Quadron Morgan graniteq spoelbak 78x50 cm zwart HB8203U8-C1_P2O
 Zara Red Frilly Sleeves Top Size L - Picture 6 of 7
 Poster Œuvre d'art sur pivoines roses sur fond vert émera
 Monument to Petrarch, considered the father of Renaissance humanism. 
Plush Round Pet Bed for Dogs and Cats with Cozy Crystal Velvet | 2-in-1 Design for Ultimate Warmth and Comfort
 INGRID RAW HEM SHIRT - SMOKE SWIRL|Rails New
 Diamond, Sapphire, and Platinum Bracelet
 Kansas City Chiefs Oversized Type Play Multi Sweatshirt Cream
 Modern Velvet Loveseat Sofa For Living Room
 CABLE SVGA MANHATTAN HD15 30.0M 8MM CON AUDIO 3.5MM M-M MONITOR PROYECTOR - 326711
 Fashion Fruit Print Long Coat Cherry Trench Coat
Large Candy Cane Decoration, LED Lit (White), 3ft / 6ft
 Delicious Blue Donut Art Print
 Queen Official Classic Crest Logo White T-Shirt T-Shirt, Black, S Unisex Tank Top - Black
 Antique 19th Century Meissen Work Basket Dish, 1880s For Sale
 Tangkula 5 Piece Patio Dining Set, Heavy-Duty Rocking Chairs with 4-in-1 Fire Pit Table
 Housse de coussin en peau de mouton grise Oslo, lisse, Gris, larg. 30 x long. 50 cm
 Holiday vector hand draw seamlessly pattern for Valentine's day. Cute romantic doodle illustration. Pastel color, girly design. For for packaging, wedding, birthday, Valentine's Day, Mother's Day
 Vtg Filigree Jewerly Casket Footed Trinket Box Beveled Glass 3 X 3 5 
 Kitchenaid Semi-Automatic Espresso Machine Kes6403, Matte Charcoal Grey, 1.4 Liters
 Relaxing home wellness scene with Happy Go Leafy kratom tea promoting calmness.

####

- EXERCISE INSTRUCTIONS:
Print exactly, and only, the lines beginning at the top of the listing and ending at the line with "Diamond, Sapphire, and Platinum Bracelet".

- WRITTEN ANSWER:
Quadron Morgan graniteq spoelbak 78x50 cm zwart HB8203U8-C1_P2O
 Zara Red Frilly Sleeves Top Size L - Picture 6 of 7
 Poster Œuvre d'art sur pivoines roses sur fond vert émera
 Monument to Petrarch, considered the father of Renaissance humanism. 
Plush Round Pet Bed for Dogs and Cats with Cozy Crystal Velvet | 2-in-1 Design for Ultimate Warmth and Comfort
 INGRID RAW HEM SHIRT - SMOKE SWIRL|Rails New
 Diamond, Sapphire, and Platinum Bracelet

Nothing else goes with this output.